SNP’s word of the day: Anodyne

Illustration by Lewis Mirrett
Illustration by Lewis Mirrett

Word: Anodyne

Meaning: Inoffensive, deliberately bland (adj.); pain or distress-easing medication (n.)

Usage: “I see the awful hands of faith, the credulous and worn hands of believers; the humble and beseeching hands of the millions and millions who have only the anodyne of credulity.” — Katherine Anne Porter, a Depression-era writer

You should know it because: I was thinking about this year’s Oscar nominations, and for weeks—well, for however long it’s been since they were announced—I couldn’t figure out why they bothered me so much. It wasn’t just because I didn’t think they were the best films (um, Melancholia), or because they were too “mainstream,” because I find that as senseless a clichéd jab as “pretentious.” No, it’s because the films don’t say anything. The Artist was heralded as a triumph of cinema, but all it did was glory in a facile, frankly ahistorical pastiche of prologue. Extremely Loud & Incredibly Close deals with 9/11 in an incredibly light-handed way; even thinking about watching it I feel sick. And I’m not even a New Yorker. The Tree of Life is a Malick film, a slow-gaze sensory epic on the scale of 2001: A Space Odyssey, and I have to wonder how many of the Oscar voters got through it. That would be my pick for the win, because it was the only film that asked questions of its audience and did not provide necessarily happy answers. Still, I found it bizarrely religious, and if you (like me) left Tree of Life feeling high, it’s because religion is the opiate of the masses.

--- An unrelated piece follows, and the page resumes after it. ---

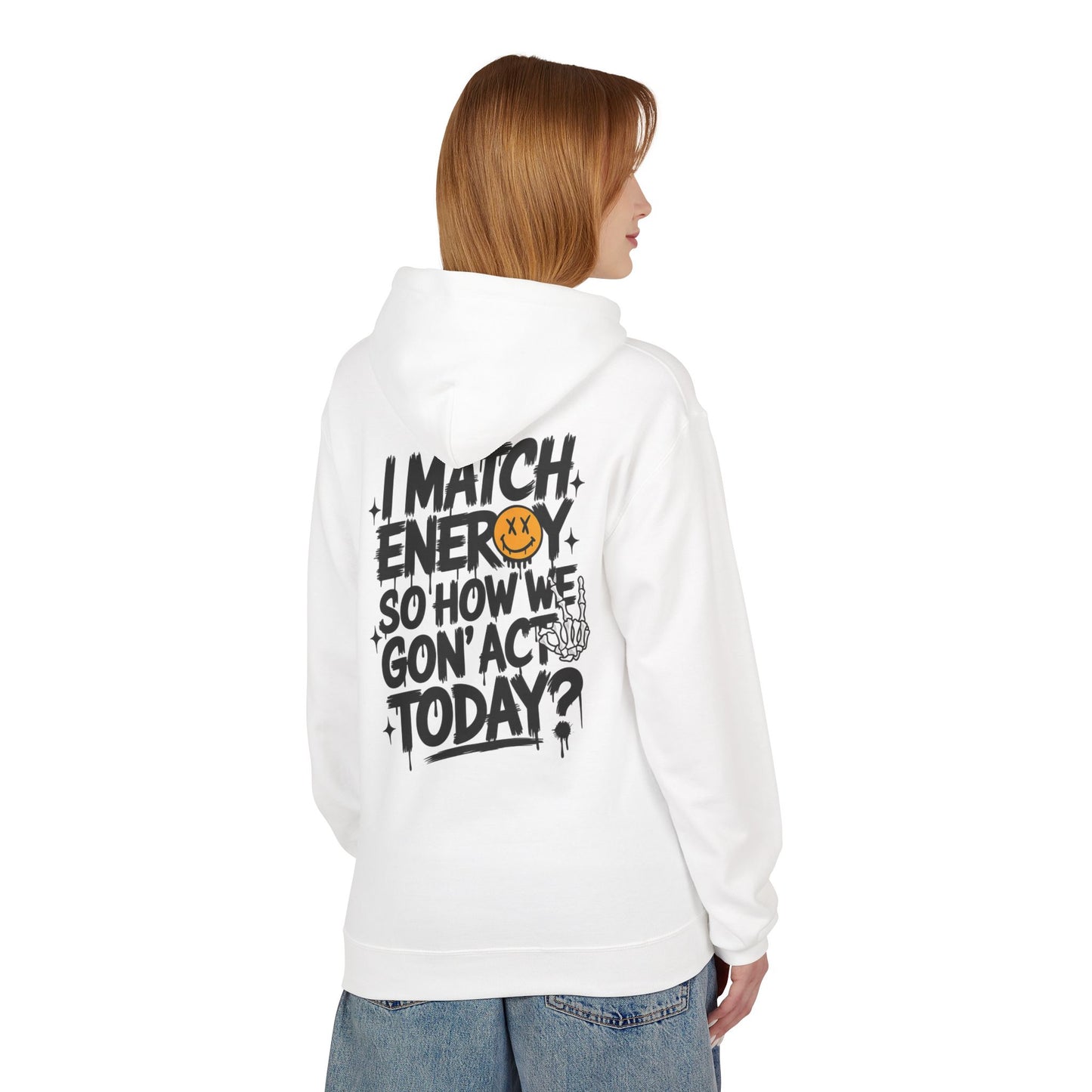 I Match Energy Hoodie – Bold Graphic Statement Sweatshirt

To use a lovelier word, religion is anodyne. As a noun it means medicine, or more specifically, painkiller. As an adjective it means inoffensive, intended not to shock. Consider the recent surge in chill-wave music, consider the success of the blandest politician ever, Mitt Romney, consider the Oscar noms: equivalents of painkillers, all. That’s why I hate The Artist more than I could hate even the shlockiest horror film starring Ashton Kutcher and a zombie Tara Reid: it’s good only by avoiding bad taste. It succeeds only because we don’t want to like anything difficult. We don’t want the headache of thinking about something; we vote for anodynes.